**Requirement**. Under this line is some data; print exactly the lines from the one containing "Las llamas y" through its last line, without pictures.

Records for processing START

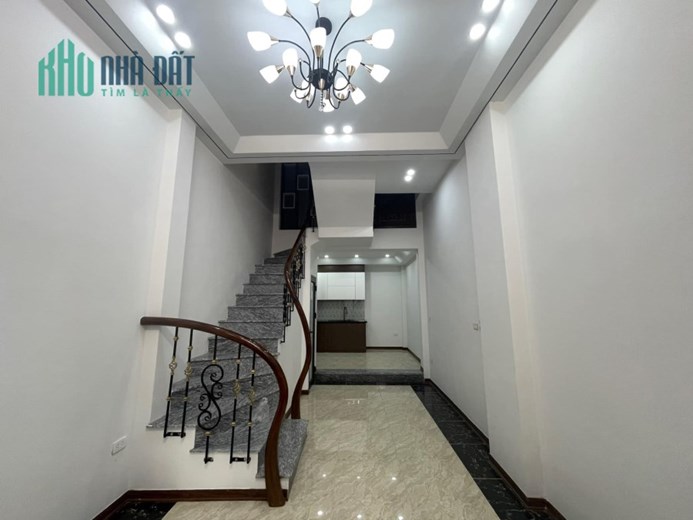 Gần Phố  , Nguyễn thị Đinh , 40 m2 giá 4.5 tỷ .ở Sướng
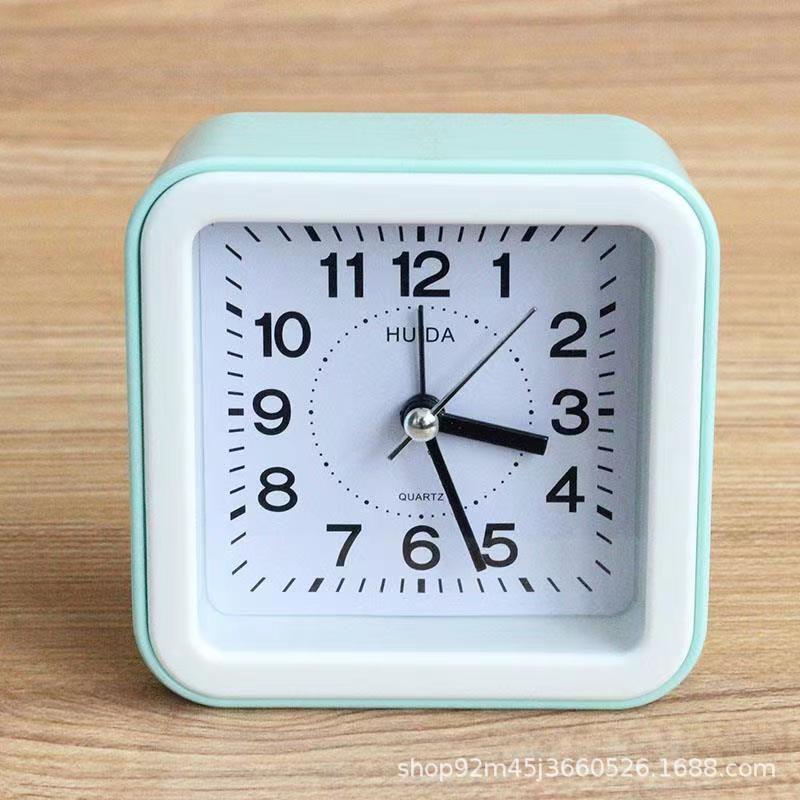 Бесшумный будильник с крупными символами для студентов, дома или спальни.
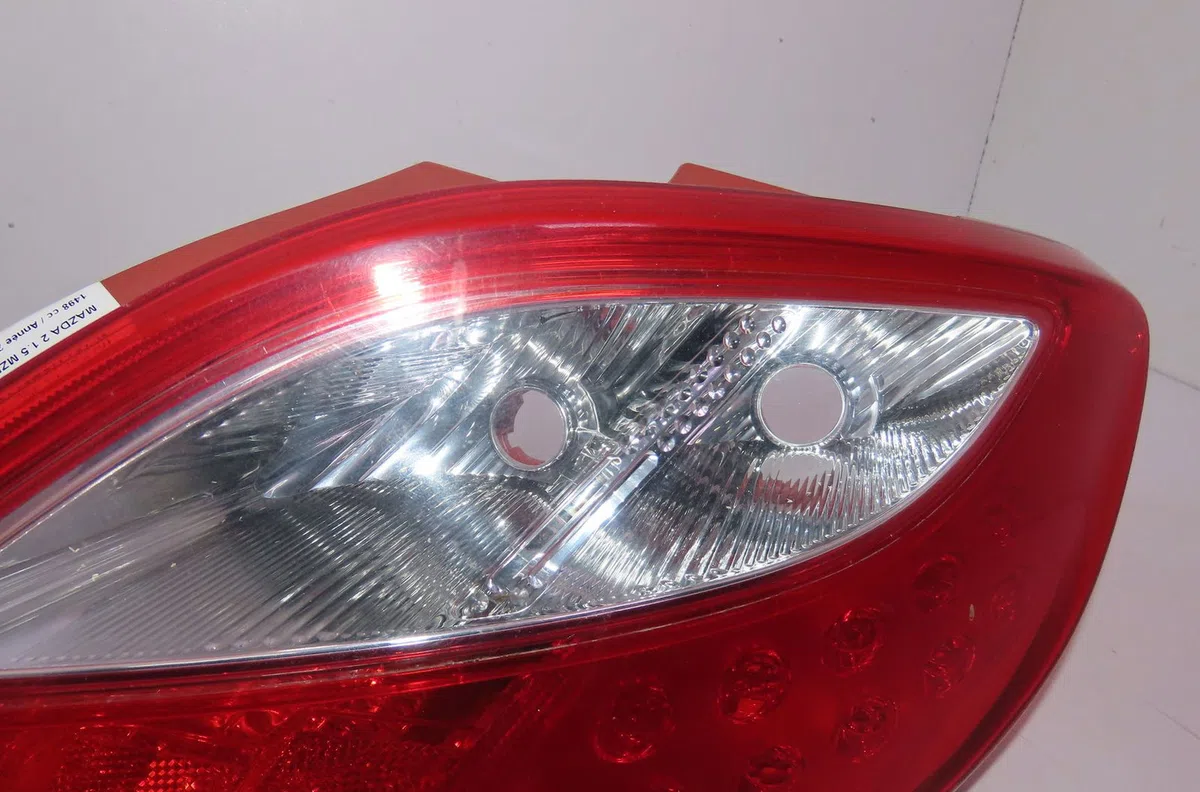 Feu arrière droit Mazda 2 (DE_, DH_) 1.5 (de5fs) (2007-2015) occasion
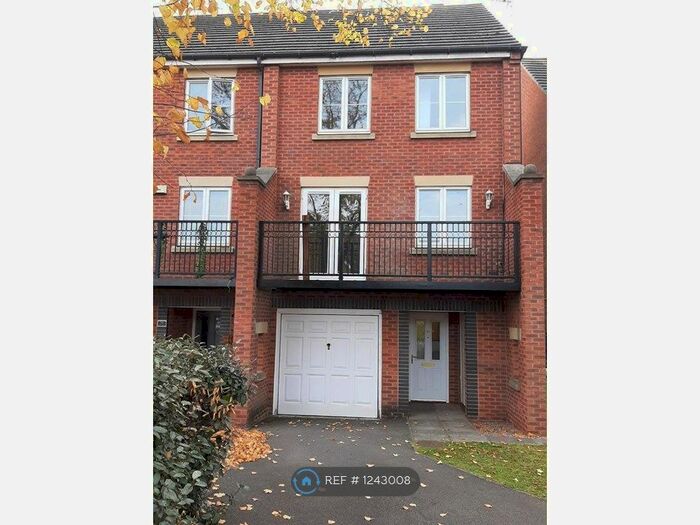 3 Bedroom End Of Terrace House To Rent In City View, Nottingham, NG3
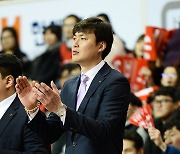 KT 전성기 이끈 송영진·김도수, 이번에는 코치로 팀 이끈다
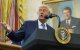 El presidente Donald Trump habla con los periodistas mientras participa en una ceremonia de juramento de Paul Atkins como presidente de la Comisión de Bolsa y Valores, en el Despacho Oval de la Casa Blanca, el martes 22 de abril de 2025, en Washington.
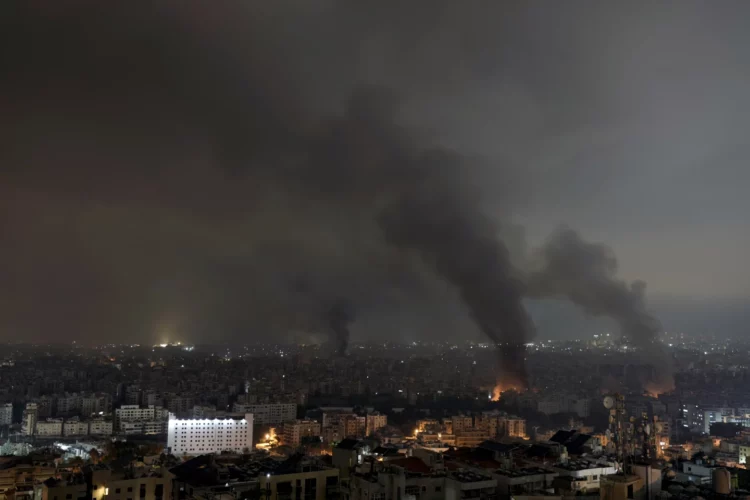 Las llamas y el humo se elevan tras un ataque israelí en Dahiyeh, Beirut, Líbano.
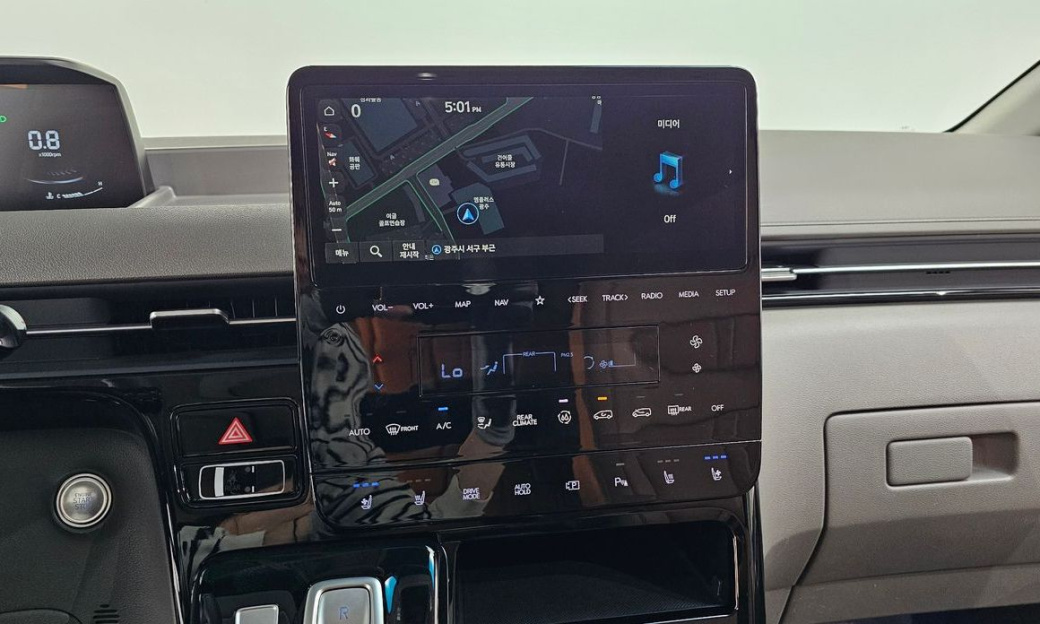 Hyundai Staria 2WD Camping Car, 2024
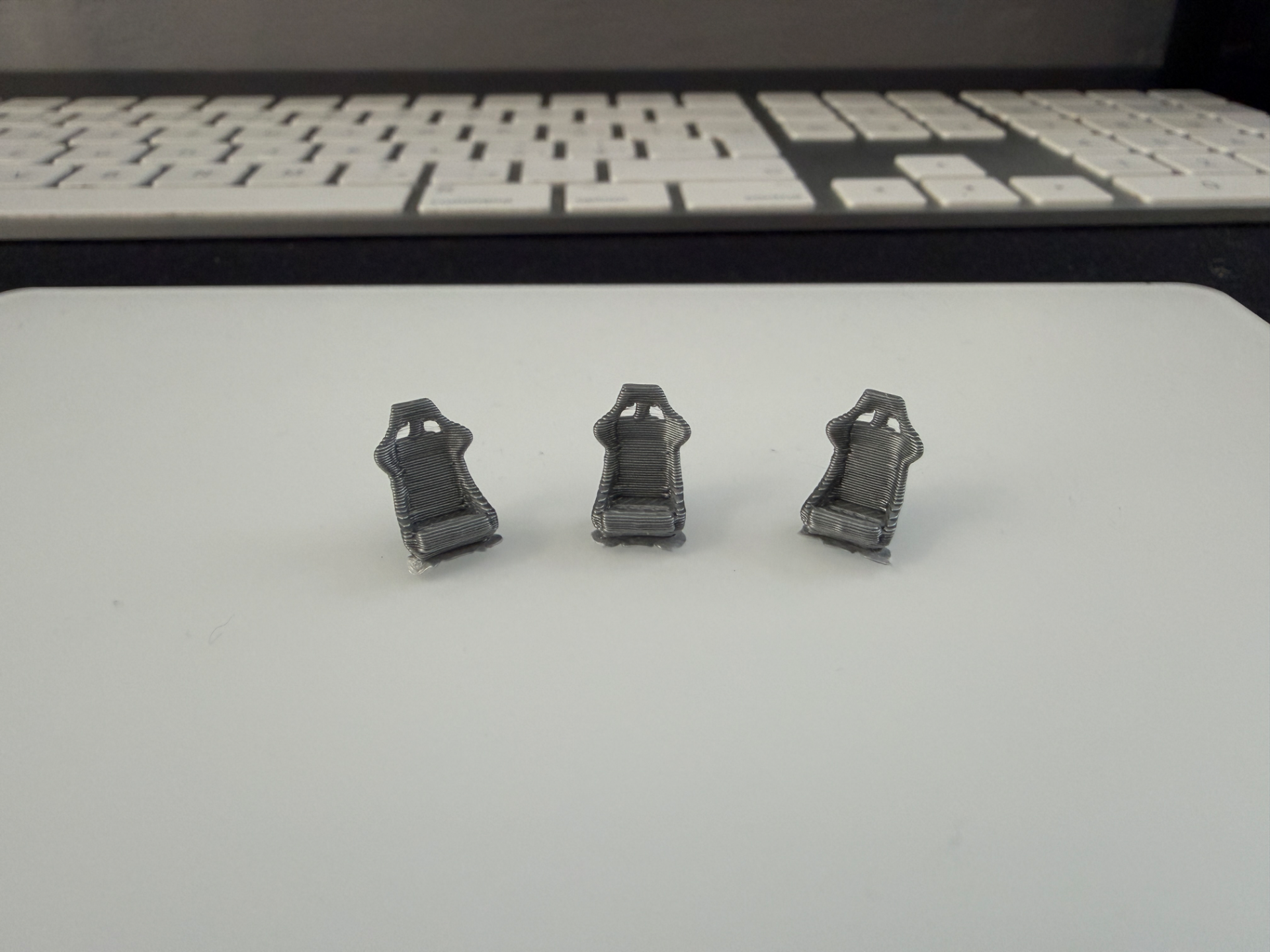 Car Seat 4 for 1:64 scale cars (Hotwheels, ...)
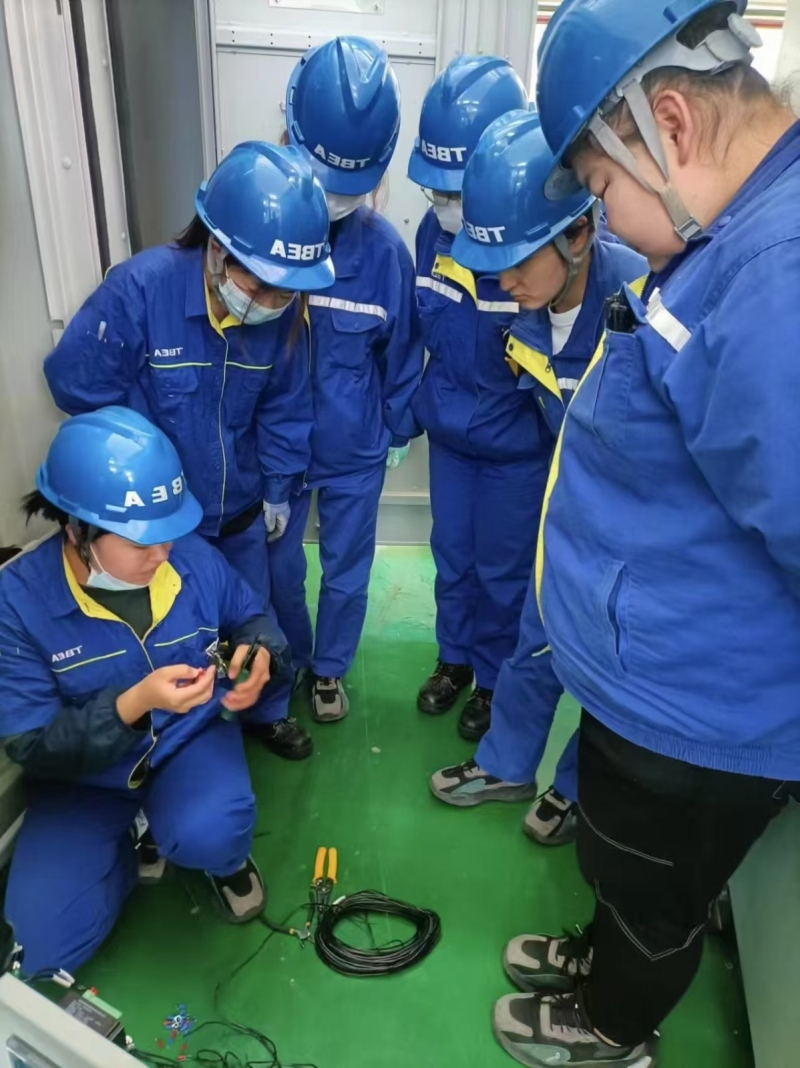 专业学生在特变电工有限公司工作岗位2.jpg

Records for processing END

**Written answer**.
 Las llamas y el humo se elevan tras un ataque israelí en Dahiyeh, Beirut, Líbano.
 Hyundai Staria 2WD Camping Car, 2024
 Car Seat 4 for 1:64 scale cars (Hotwheels, ...)
 专业学生在特变电工有限公司工作岗位2.jpg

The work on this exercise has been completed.